Иногда слова «если бы он пошел другой дорогой» объясняют, будто прп. Макарий считал, что молодой монах изменил избранному пути жизни, своему старцу Льву и пошел другой дорогой. Однако это не только противоречит высокой его оценке личности свт. Игнатия, но и совершенно не соответствует действительности. В данном случае эти слова совсем не связаны с именем старца Льва, а речь идет о назначении игумена Игнатия настоятелем в Сергиеву пустынь близ Петербурга. Прп. Макарий был осведомлен и вполне понимал, что это назначение произошло совсем не по его воле, но по приказу императора, когда он совершенно неожиданно вместо желаемого им уединения, затвора, жизни созерцательной8 (на котором был бы Великим Арсением) был снят с этого пути и поставлен на другую дорогу – руководства столичным монастырем.
О том, насколько его влекла другая дорога, упоминаемая прп. Макарием, с полной очевидностью открывается из откровенных признаний самого свт. Игнатия.
О своем настоятельстве в столичной Сергиевой обители он писал: «Ни к чему в ней не прилепилось сердце, ничего мне в ней не нравится. Я занимаюсь устроением ее как обязанностью, принуждаю себя любить Сергиеву пустынь.
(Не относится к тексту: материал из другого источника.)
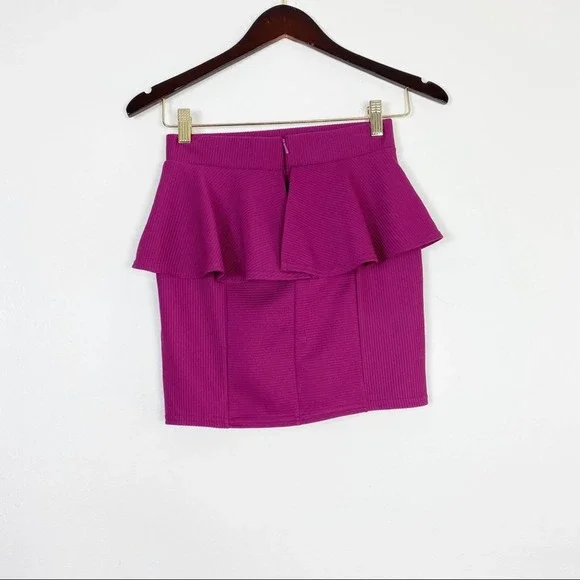 Topshop Peplum Purple Mini Skirt Elastic waist Cute Stylish Summer Casual  Size4 - Picture 4 of 6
Обитель эта совершенно не соответствует потребностям монашеской жизни. Одного прошу, чтоб развязали меня с Сергиевой пустынью. Всякое решение Святейшего Синода приму с благодарностью». В другом письме он открывает свою душу: «Я всегда желал глубокого уединения… С тою целью оставил я мир, с этой постоянною целью совершаю двадцатый год в монастыре».
Не по душе был ему этот шумный, людный монастырь. Не этой дороги он желал, но поставленный на нее, с терпением шел ею половину своей сознательной жизни. Поэтому, прекрасно знавший об этом прп. Макарий, когда писал о другой дороге свт. Игнатия, то говорил не о его уходе с избранного пути, а о промысле Божием, видевшим, какой путь наиболее полезен и ему, и Церкви. И действительно Россия получила великого духовного наставника всех искренно ищущих евангельской жемчужины (Мф. 13, 45–46).